You have made it through the long hours of studying, clinical rotations, lack of sleep, lack of time with family and loved ones and probably lack of funds.
You have graduated and have passed your state boards and are now ready to launch your career.
I bet your PA/ARNP program was amazing, you’ve learned so much and now you are ready to share your knowledge with the world – right?
WRONG – BIG WRONG!
Even though you will have had prior clinical experience, maybe even years and years of clinical experience in another related medical career, this does not necessarily carry over to your new career.
You are now in a position where the buck stops with you.
It is a very different place to be the one who has to make the correct diagnosis and formulate the correct treatment plan.
And even though you have spent hours and hours getting to this point, you are basically at a point where at least your decisions shouldn’t kill anyone!
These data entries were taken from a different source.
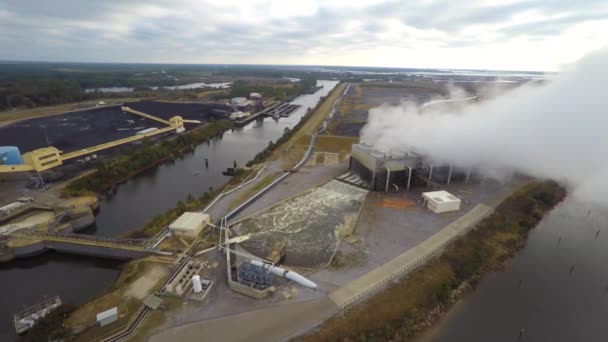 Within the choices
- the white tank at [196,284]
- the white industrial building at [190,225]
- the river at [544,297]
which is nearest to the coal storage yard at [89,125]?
the white industrial building at [190,225]

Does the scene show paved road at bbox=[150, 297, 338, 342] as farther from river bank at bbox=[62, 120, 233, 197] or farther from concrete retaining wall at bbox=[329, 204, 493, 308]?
river bank at bbox=[62, 120, 233, 197]

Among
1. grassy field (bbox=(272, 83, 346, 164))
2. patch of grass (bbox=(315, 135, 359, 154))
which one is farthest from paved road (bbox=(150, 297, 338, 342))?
patch of grass (bbox=(315, 135, 359, 154))

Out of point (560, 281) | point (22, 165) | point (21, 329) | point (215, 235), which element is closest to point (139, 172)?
point (22, 165)

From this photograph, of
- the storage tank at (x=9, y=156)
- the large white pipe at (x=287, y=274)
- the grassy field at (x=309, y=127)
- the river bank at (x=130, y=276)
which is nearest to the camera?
the river bank at (x=130, y=276)

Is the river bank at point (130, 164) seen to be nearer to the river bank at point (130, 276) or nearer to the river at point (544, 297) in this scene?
the river bank at point (130, 276)

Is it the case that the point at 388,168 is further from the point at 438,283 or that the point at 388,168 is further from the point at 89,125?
the point at 89,125

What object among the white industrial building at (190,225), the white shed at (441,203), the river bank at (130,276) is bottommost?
the river bank at (130,276) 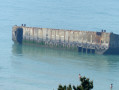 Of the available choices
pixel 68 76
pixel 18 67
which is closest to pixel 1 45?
pixel 18 67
Seriously!
No 1 or 2 year program can possibly even start to cover all you will need to know to become successful as a health care provider.
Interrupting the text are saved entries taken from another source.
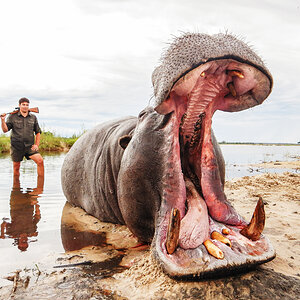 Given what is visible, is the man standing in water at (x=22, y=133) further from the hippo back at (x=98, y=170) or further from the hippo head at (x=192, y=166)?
the hippo head at (x=192, y=166)

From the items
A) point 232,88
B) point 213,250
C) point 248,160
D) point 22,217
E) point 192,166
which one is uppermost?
point 232,88

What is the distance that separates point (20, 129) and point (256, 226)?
7623 millimetres

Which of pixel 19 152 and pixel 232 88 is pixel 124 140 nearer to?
pixel 232 88

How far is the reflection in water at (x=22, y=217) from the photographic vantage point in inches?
134

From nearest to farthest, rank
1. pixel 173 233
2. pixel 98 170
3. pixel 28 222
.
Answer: pixel 173 233 → pixel 98 170 → pixel 28 222

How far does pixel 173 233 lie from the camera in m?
1.83

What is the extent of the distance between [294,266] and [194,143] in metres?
1.05

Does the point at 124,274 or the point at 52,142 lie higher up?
the point at 124,274

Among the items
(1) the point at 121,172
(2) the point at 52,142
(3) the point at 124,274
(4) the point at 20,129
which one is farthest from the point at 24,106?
(2) the point at 52,142

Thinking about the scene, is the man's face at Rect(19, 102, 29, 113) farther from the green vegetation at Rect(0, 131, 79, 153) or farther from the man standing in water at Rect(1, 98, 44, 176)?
the green vegetation at Rect(0, 131, 79, 153)

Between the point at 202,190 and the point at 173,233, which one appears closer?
the point at 173,233

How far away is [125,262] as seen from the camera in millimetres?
2600

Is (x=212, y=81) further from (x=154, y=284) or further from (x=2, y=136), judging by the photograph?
(x=2, y=136)

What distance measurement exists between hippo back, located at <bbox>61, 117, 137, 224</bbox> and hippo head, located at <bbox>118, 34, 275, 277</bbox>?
0.75m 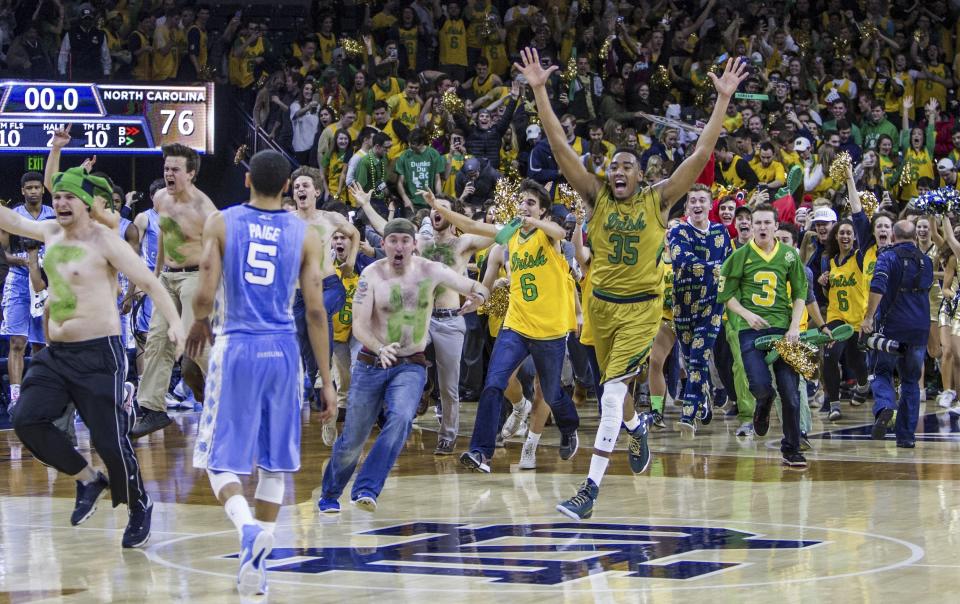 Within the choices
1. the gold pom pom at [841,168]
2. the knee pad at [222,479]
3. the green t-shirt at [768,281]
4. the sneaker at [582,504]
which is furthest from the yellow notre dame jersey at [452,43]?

The ability to say you are skilled and proficient in your skill-set as a provider will only come with years and years of day to day learning on the job.
For myself, with over 25 years in the profession, there is rarely a day that goes by that I don’t learn a new diagnosis, a new way to work up a problem or a new treatment.
If you go in to a specialty you will have a small advantage of needing to master a smaller set of procedural skills or patient presentations but you will need time to become an expert in your focused line of medical specialty.
If you go into primary care, you will need to know something about everything and also know if you don’t know, what you need to do next.
Which brings me to knowing what you don’t know.
In medicine, no one can know everything.
Medicine is always changing, especially in these times of COVID19; recommendations for diagnosis and treatment are changing every day.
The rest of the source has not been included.